[PATCH -v3 00/53] Simplify, reorganize and clean up the x86 text-patching code (alternative.c)

From: Ingo Molnar
Date: Fri Apr 11 2025 - 01:43:48 EST


This series has 3 major parts after pending x86.alternatives commits such as the
scalability improvement by Eric Dumazet:

(1)

The first major part of this series performs a thorough text-patching API namespace
cleanup discussed with Linus for the -v1 series:

# boot/UP APIs & single-thread helpers:

text_poke()
text_poke_kgdb()
[ unchanged APIs: ] text_poke_copy()
text_poke_copy_locked()
text_poke_set()

text_poke_addr()

# SMP API & helpers namespace:

text_poke_bp() => smp_text_poke_single()
text_poke_loc_init() => __smp_text_poke_batch_add()
text_poke_queue() => smp_text_poke_batch_add()
text_poke_finish() => smp_text_poke_batch_finish()

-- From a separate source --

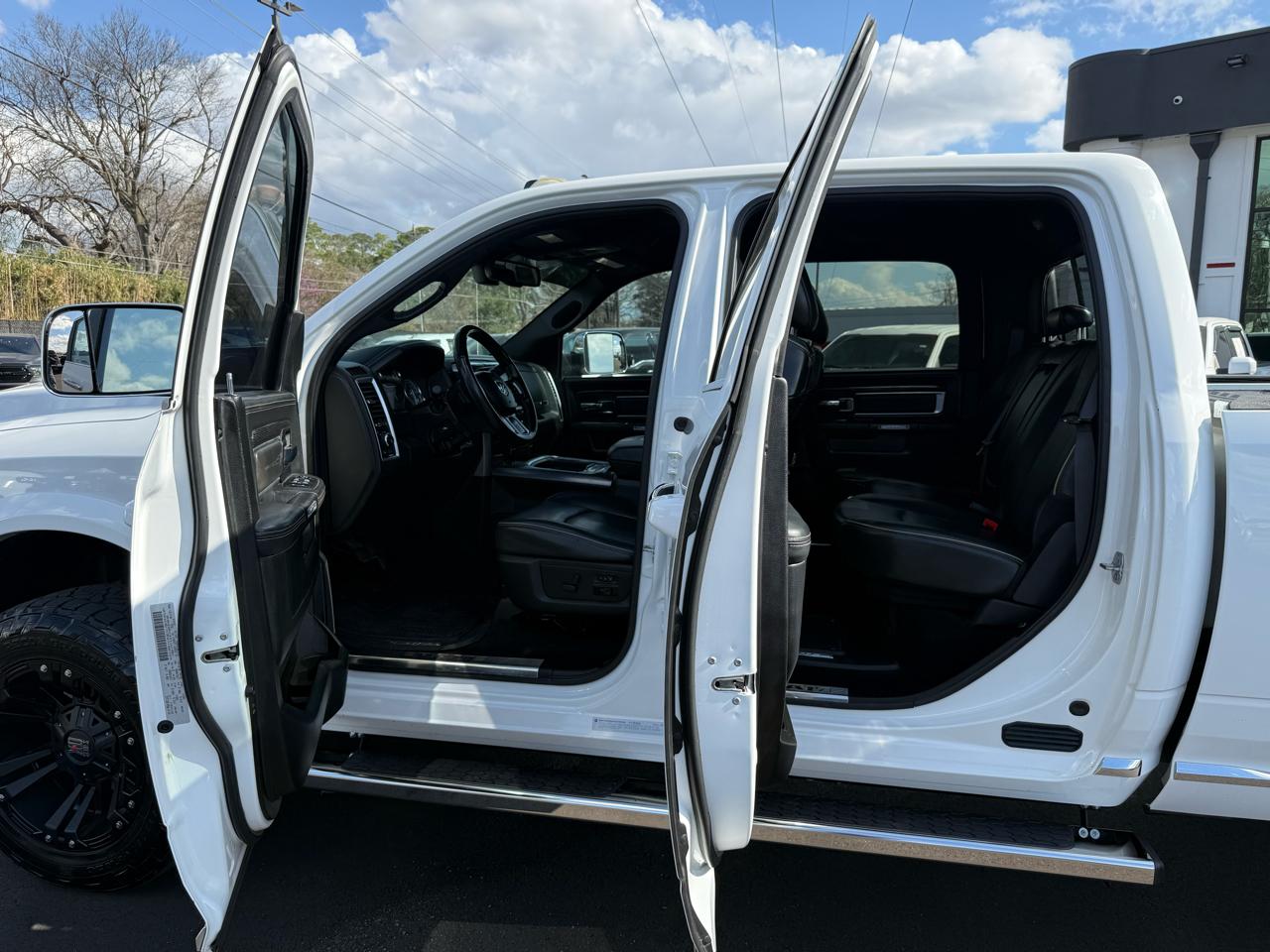 RAM 3500 Limited 4x4 Crew Cab 6'4" Box 2018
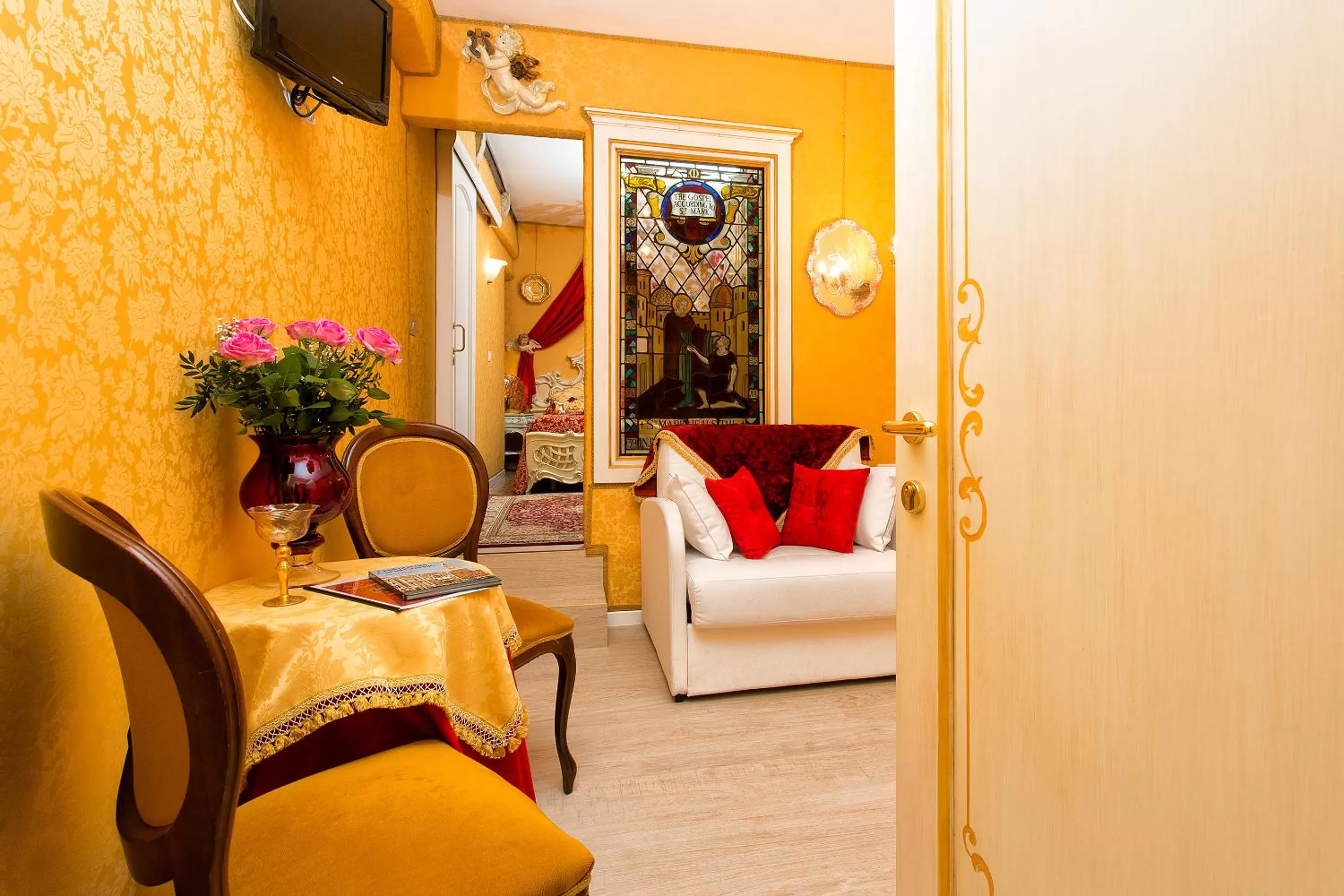 Photo of the whole room in Scalon del Doge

text_poke_flush() => [removed]

text_poke_bp_batch() => smp_text_poke_batch_process()
poke_int3_handler() => smp_text_poke_int3_handler()
text_poke_sync() => smp_text_poke_sync_each_cpu()


(2)

The second part of the series simplifies and standardizes the SMP batch-patching
data & types & accessors namespace, around the new text_poke_array* namespace:

int3_patching_desc = [removed]
temp_mm_state_t => [removed]

try_get_desc() => try_get_text_poke_array()
put_desc() => put_text_poke_array()

tp_vec,tp_vec_nr => text_poke_array
int3_refs => text_poke_array_refs

- All constants got moved into the TEXT_POKE_* namespace

- All local variables and function parameters got standardized around
the 'tpl' naming scheme. No more toilet paper references. ;-)

(3)

The third part of the series contains additional patches, that
together with the data-namespace simplification changes remove
about 3 layers of unnecessary indirections and simplify/streamline
various aspects of the code:

x86/alternatives: Remove duplicate 'text_poke_early()' prototype
x86/alternatives: Update comments in int3_emulate_push()
x86/alternatives: Remove the confusing, inaccurate & unnecessary 'temp_mm_state_t' abstraction
x86/alternatives: Add text_mutex) assert to smp_text_poke_batch_flush()
x86/alternatives: Use non-inverted logic instead of 'tp_order_fail()'
x86/alternatives: Remove the 'addr == NULL means forced-flush' hack from smp_text_poke_batch_finish()/smp_text_poke_batch_flush()/text_poke_addr_ordered()
x86/alternatives: Simplify smp_text_poke_single() by using tp_vec and existing APIs
x86/alternatives: Introduce 'struct smp_text_poke_array' and move tp_vec and tp_vec_nr to it
x86/alternatives: Remove the tp_vec indirection
x86/alternatives: Simplify try_get_text_poke_array()
x86/alternatives: Simplify smp_text_poke_int3_trap_handler()
x86/alternatives: Simplify smp_text_poke_batch_process()
x86/alternatives: Move the text_poke_array manipulation into text_poke_int3_loc_init() and rename it to __smp_text_poke_batch_add()
x86/alternatives: Remove the mixed-patching restriction on smp_text_poke_single()
x86/alternatives: Document 'smp_text_poke_single()'
x86/alternatives: Add documentation for smp_text_poke_batch_add()
x86/alternatives: Move text_poke_array completion from smp_text_poke_batch_finish() and smp_text_poke_batch_flush() to smp_text_poke_batch_process()
x86/alternatives: Simplify text_poke_addr_ordered()
x86/alternatives: Constify text_poke_addr()
x86/alternatives: Simplify and clean up patch_cmp()
x86/alternatives: Standardize on 'tpl' local variable names for 'struct smp_text_poke_loc *'
x86/alternatives: Simplify the #include section
x86/alternatives: Move declarations of vmlinux.lds.S defined section symbols to <asm/alternative.h>
x86/alternatives: Remove 'smp_text_poke_batch_flush()'
x86/alternatives: Update the comments in smp_text_poke_batch_process()
x86/alternatives: Rename 'apply_relocation()' to 'text_poke_apply_relocation()'
x86/alternatives: Add comment about noinstr expectations
x86/alternatives: Make smp_text_poke_batch_process() subsume smp_text_poke_batch_finish()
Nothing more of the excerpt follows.